A small gap isn't a bad thing, unfortunately we have more than just a small gap, we have a canyon. The gap between the rich and the poor in the U.S. is enough to put some dictatorships to shame. The economic disparity we see in this country is more than simply the result of different abilities, it is due in large part to our socio-economic environment which gives the wealthy every advantage over the poor. Not everybody is playing on a level playing field and when you have policies which artificially exaggerate that gap that is a bad thing.

Side: yes
2 points

It's an excellent idea. You can't rely on charitable donations of rich people. They may support a charity here or there, but it will be at their whim. If you earn millions, you can afford to pay more tax. And if you don't like it, you will have the money to hire a "creative accountant" to sort it for you.

Side: yes
1 point

Rich people in America are the most generous rich people in the world (in general). They give millions and millions of dollars towards things they believe in and most of them do it because they care about what they donate to and not because they get a tax break.

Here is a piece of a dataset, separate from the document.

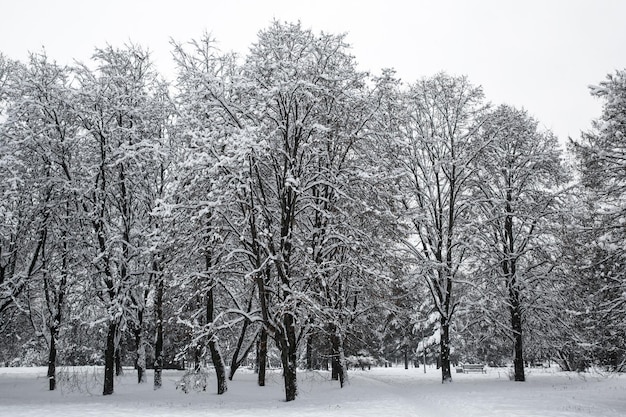 Árvores na neve. Fundo de inverno.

http://www.freerepublic.com/focus/f-news/2083034/posts

http://www.forbes.com/sites/andersonantunes/2012/01/11/the-30-most-generous-celebrities/3/

http://www.globalpost.com/dispatch/news/ regions/americas/united-states/111220/charity-us-most-generous-country-world-giving-index

America and Americans don't need the government deciding how much, when and to whom their money goes. We are completely capable of being unselfish and generous without someone making us do it. Why would you force an entire country to do something that only a few people refuse to do. Their karma will come.

Side: No
garry77777(1797) Disputed
1 point

"Rich people in America are the most generous rich people in the world (in general)."

What are you smoking?

"They give millions and millions of dollars towards things they believe in and most of them do it because they care about what they donate to and not because they get a tax break."

One of the most amazing things about the american crony capitalist model has been the ability of the elite class to make the average Joe contented with his servitude. It's as if so many of the 99% simply hold an opinion that says "oh, I better not rock the boat, I could be rich someday", everyone has bought into the false idea of the american dream, but it's like the lottery, of course if you buy a ticket you might win, but its much more likley you'll get hit but a bus tommorrow.

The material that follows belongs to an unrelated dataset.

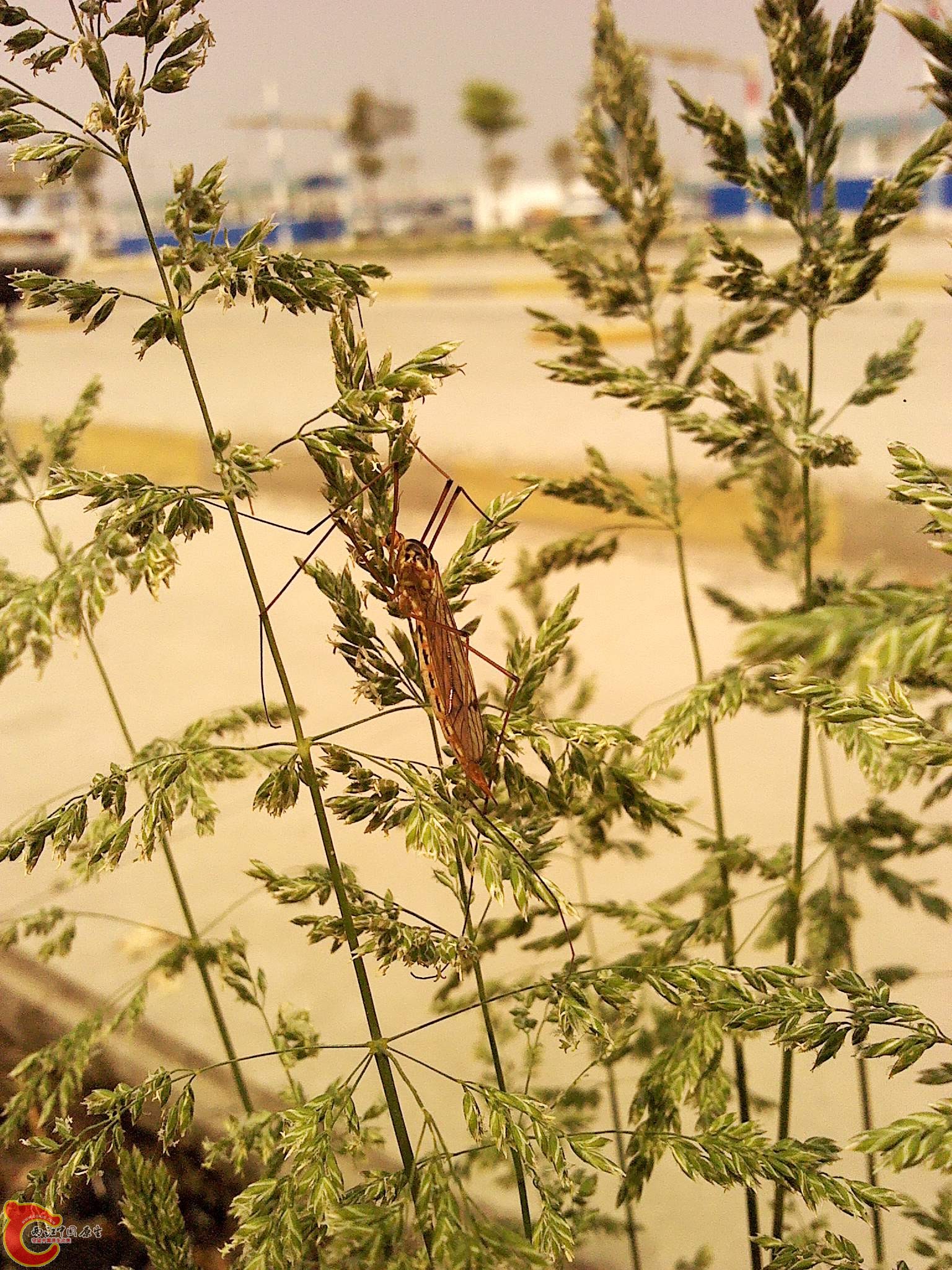 2012-05-04 10.04.04.jpg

The rich have deprived most americans of many of things they are perfectly entitled to, this isn't some crazy marxist propaganda, in this age of scientific advancement free healthcare and education (up to 3rd level and beyond) are a human right, especially in a country with the largest GDP in the world.

"America and Americans don't need the government deciding how much, when and to whom their money goes."

The government is supposed to represent the will of the people, something tells me the majority of americans are not in favour of 1% controlling 40%, and 10% controlling 90% of the wealth.

"Why would you force an entire country to do something that only a few people refuse to do."

If a system is already corrupt you cannot plead "tyranny of the majority".

One of the saddest things about the tea party movement is the support they have, they have activists who really beleive they are fighting for the rights of individual americans, the reality is they are fighting for corporate interests i.e. the interests of a select few

Side: yes

No matter how smart you think your elected officials are they and the majority of Americans, let alone the rest of the world have no idea how the stock market really works. This lack of understanding however is not going to stop the government from jumping into a world wide tax with unforeseen and uncomprehended consequences. They are only capable of seeing into the near future and not at all capable of seeing the folly in there righteously named robin hood tax. Unfortunately the name alone will convince idiots world wide that nothing bad could happen if this was put into affect.

Side: No

http://www.cnbc.com/id/45583134

sorry i wanted to put this up earlier.